PHILADELPHIA (AP) — A man has been charged in a stabbing rampage along a Philadelphia street in which police said he randomly attacked people at a cellphone store and inside a car and then killed a man at a mechanic shop.
The death was one of six killings on a violent Tuesday in the city.
Police said the man entered a Cricket Wireless store in west Philadelphia and stabbed a man in the chest who was paying his bill, then climbed into a car and stabbed the driver in each hand before heading to a nearby mechanic and stabbing 30-year-old Nathan Ackison in the chest as he was watching repairs on his car. Ackson was pronounced dead at a nearby hospital minutes later. The two other victims drove themselves to a hospital and were in stable condition.
Ronald Stanley, 55, was charged Wednesday with murder, criminal homicide, aggravated and simple assault and related offenses. Police said the weapon was found on Stanley at the time of his arrest. Court documents don’t list an attorney who could respond to the charges and a listed number for the defendant couldn’t be found Wednesday.
“They’re clearly unprovoked attacks at this point,” Philadelphia Police Lieutenant John Walker told WCAU-TV about the stabbing attacks. “We’re not sure what the motivation is behind this male.”

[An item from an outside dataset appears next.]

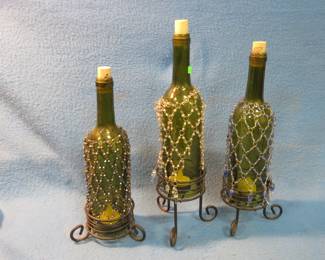 Lot 239. Decorative wine bottles with jewels. There are more shown on additional photos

A few hours later after the stabbing rampage, investigators say gunfire broke out in a south Philadelphia neighborhood, killing 21-year-old Demetrius Pinckney and critically injuring a 20-year-old man. Police said their initial investigation indicated an argument or disturbance broke out involving “numerous dirt bikes and quads chasing each other” followed by several gunshots.
Pinckney was the younger brother of Oklahoma City Thunder guard Dion Waiters, who left the team to be with family.
Over the next several hours in Philadelphia, police said, four more men were killed in four separate shootings.
No arrests have been reported in any of the shootings. All of the killings happened in different neighborhoods, and police aren’t saying whether any of them are connected.